Every entry below should be transcribed exactly; pictures stay out of the copy.
□ □ □
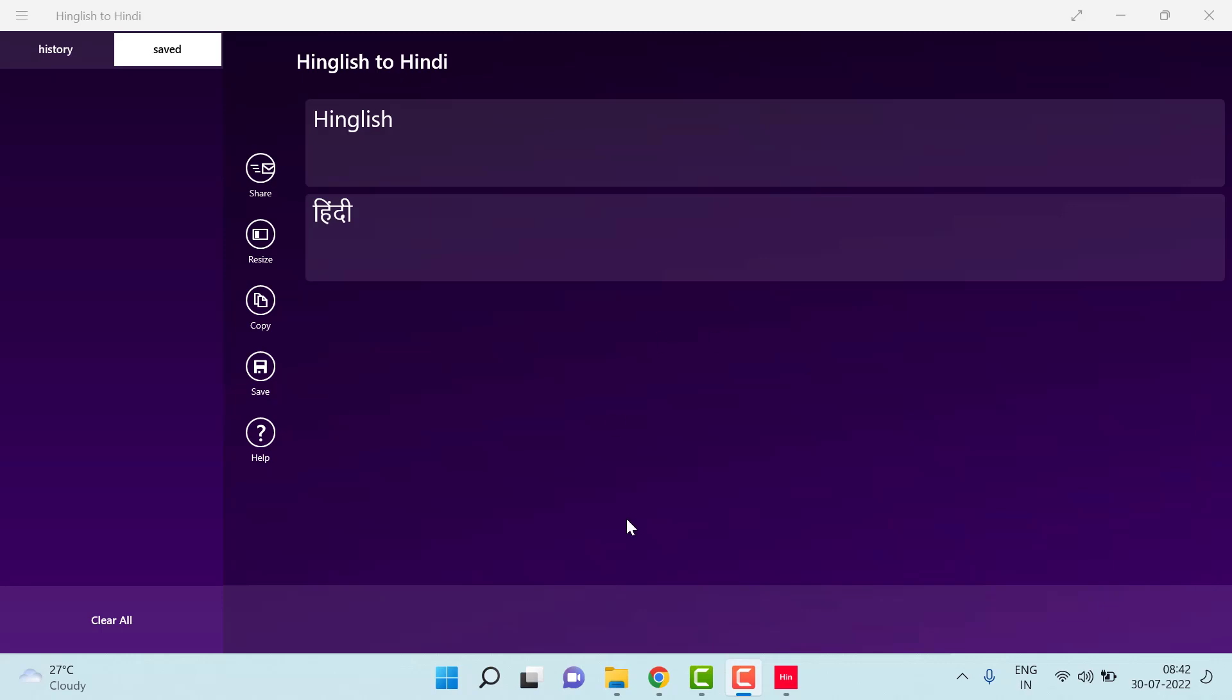So let's see here. I have downloaded one software, and in this software if I write anything in English, that will convert it into Hindi. So let's say...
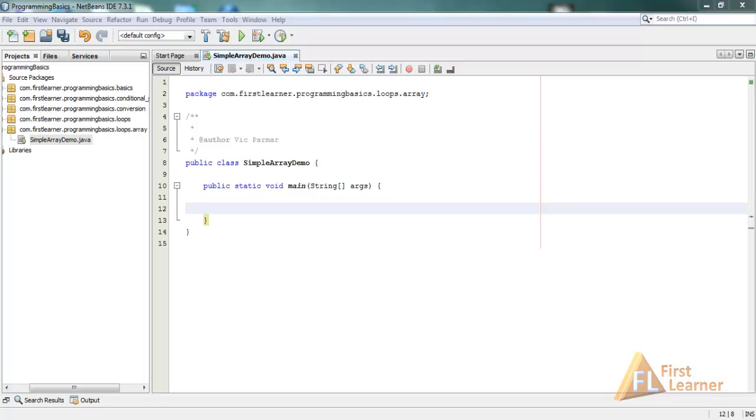Hi, this is Vik. In this tutorial we'll be looking at arrays in Java. Arrays are objects that store multiple variables of the same type. Arrays can hold both primitive types and object references.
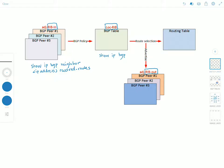And then finally, the RIB-Out stores information the local BGP speaker selected for advertisement to its peers. Now the routing information in the RIB-Out table will be carried in the local BGP speaker's update messages and advertised to its peers.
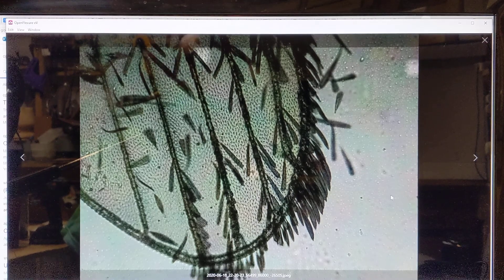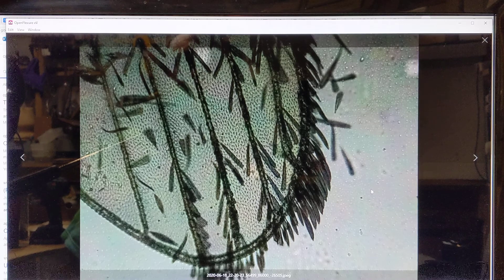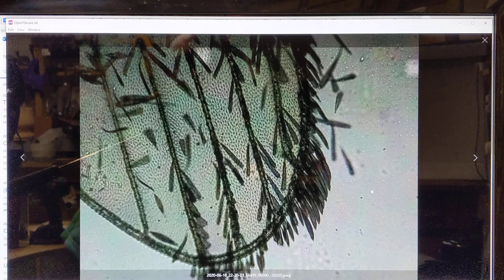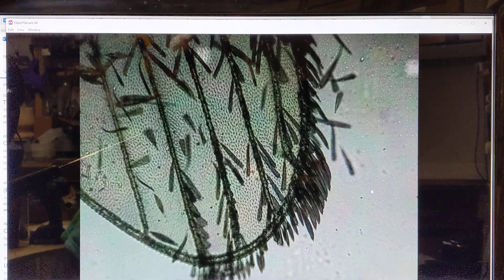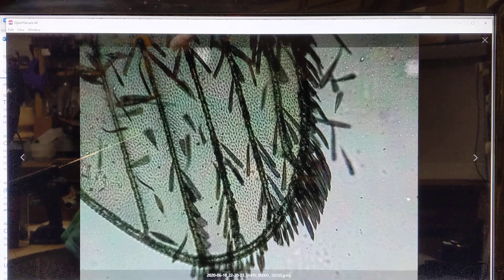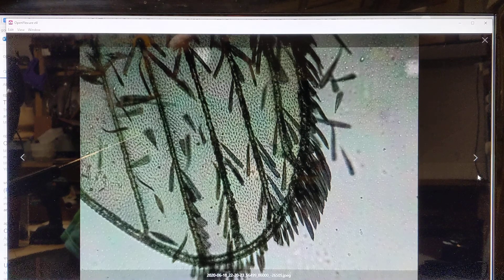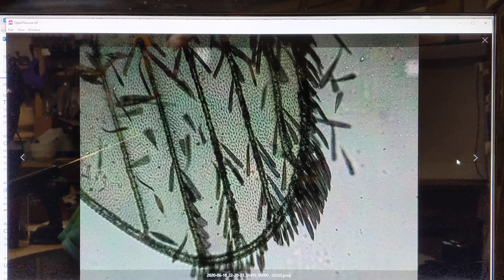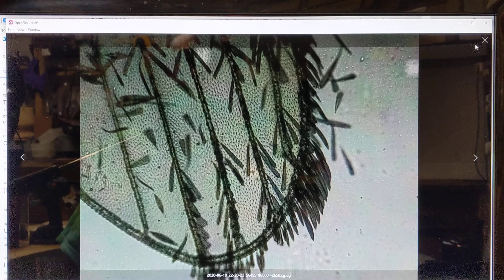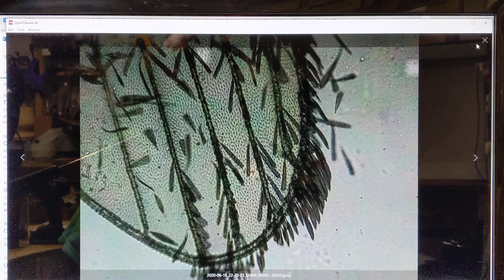This is the OpenFlexure microscope. It costs approximately $50 to build. The most expensive item is the Raspberry Pi and the Raspberry Pi camera — the rest of it is 3D printed, so whatever the cost of your 3D printing is.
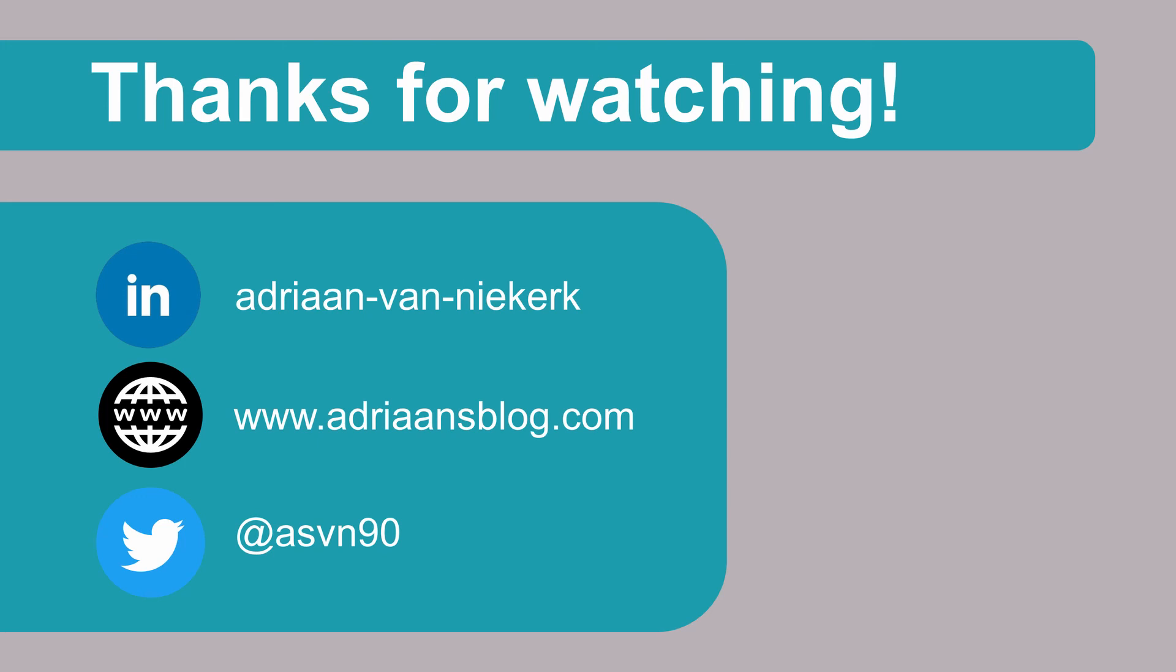Thank you very much for watching I hope you enjoyed this video if you've got any questions do not hesitate to put them in the comment section below or you can connect with me on LinkedIn or Twitter my Twitter handle is at asvn90. Hope to see you in the next video bye.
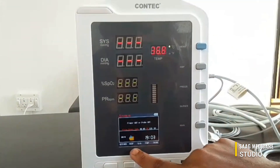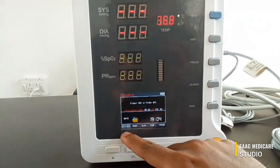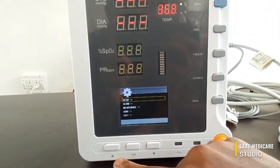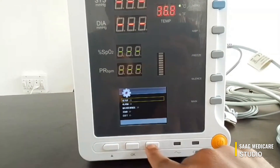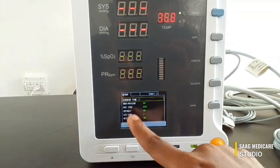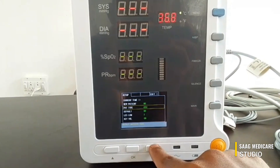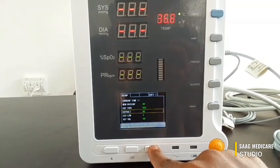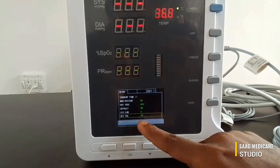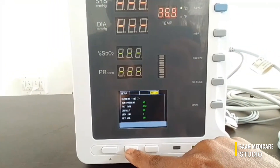You can access the settings by pressing the menu button. After pressing it you can see there is a box appeared around the menu settings button. You can click OK to enter. To move up and down you can use these two buttons as arrow controls. In setup you can adjust time, new patient, patient type, change to default, and LED brightness, and turn the key volume on and off. To exit just click the OK button.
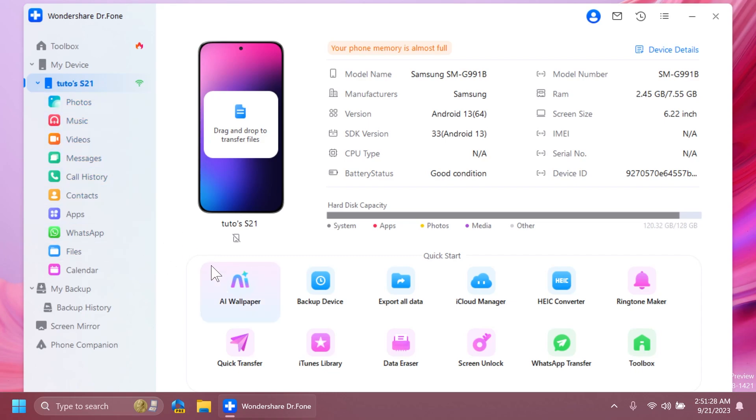Apps, WhatsApp, calls, and calendar. You also have here a quick drag and drop section where you can drag and drop to transfer files to your Android phone. And here you're going to have some info about your Android phone.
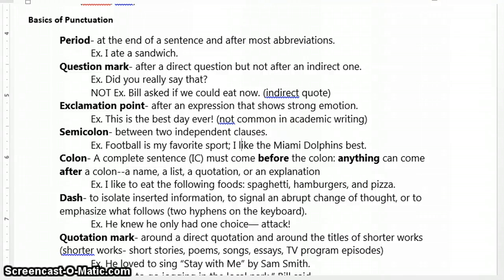Today we're going to talk about the basics of punctuation. This should be a fairly quick tutorial, just going over the basic usage of the punctuation marks in the English language. It's not exhaustive by any means, but should give you a cursory knowledge of the things that you're going to need to be successful in negotiating and navigating the modern English language.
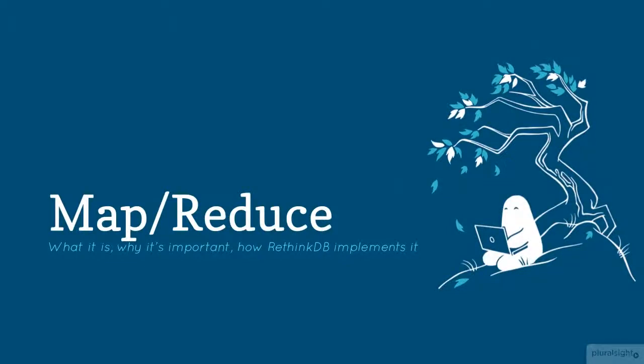You've seen some interesting gymnastics with reql so far, but you're about to see more, and it very well could confuse you if you're not used to MapReduce and how it works. Even if you're a MapReduce expert, it might be worth watching this clip if only to see how it's implemented with RethinkDB.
□ □ □
(Exercise response)
So let's see here. I have downloaded one software, and in this software if I write anything in English, that will convert it into Hindi. So let's say...
Hi, this is Vik. In this tutorial we'll be looking at arrays in Java. Arrays are objects that store multiple variables of the same type. Arrays can hold both primitive types and object references.
And then finally, the RIB-Out stores information the local BGP speaker selected for advertisement to its peers. Now the routing information in the RIB-Out table will be carried in the local BGP speaker's update messages and advertised to its peers.
This is the OpenFlexure microscope. It costs approximately $50 to build. The most expensive item is the Raspberry Pi and the Raspberry Pi camera — the rest of it is 3D printed, so whatever the cost of your 3D printing is.
Thank you very much for watching I hope you enjoyed this video if you've got any questions do not hesitate to put them in the comment section below or you can connect with me on LinkedIn or Twitter my Twitter handle is at asvn90. Hope to see you in the next video bye.
You can access the settings by pressing the menu button. After pressing it you can see there is a box appeared around the menu settings button. You can click OK to enter. To move up and down you can use these two buttons as arrow controls. In setup you can adjust time, new patient, patient type, change to default, and LED brightness, and turn the key volume on and off. To exit just click the OK button.
Apps, WhatsApp, calls, and calendar. You also have here a quick drag and drop section where you can drag and drop to transfer files to your Android phone. And here you're going to have some info about your Android phone.
Today we're going to talk about the basics of punctuation. This should be a fairly quick tutorial, just going over the basic usage of the punctuation marks in the English language. It's not exhaustive by any means, but should give you a cursory knowledge of the things that you're going to need to be successful in negotiating and navigating the modern English language.
You've seen some interesting gymnastics with reql so far, but you're about to see more, and it very well could confuse you if you're not used to MapReduce and how it works. Even if you're a MapReduce expert, it might be worth watching this clip if only to see how it's implemented with RethinkDB.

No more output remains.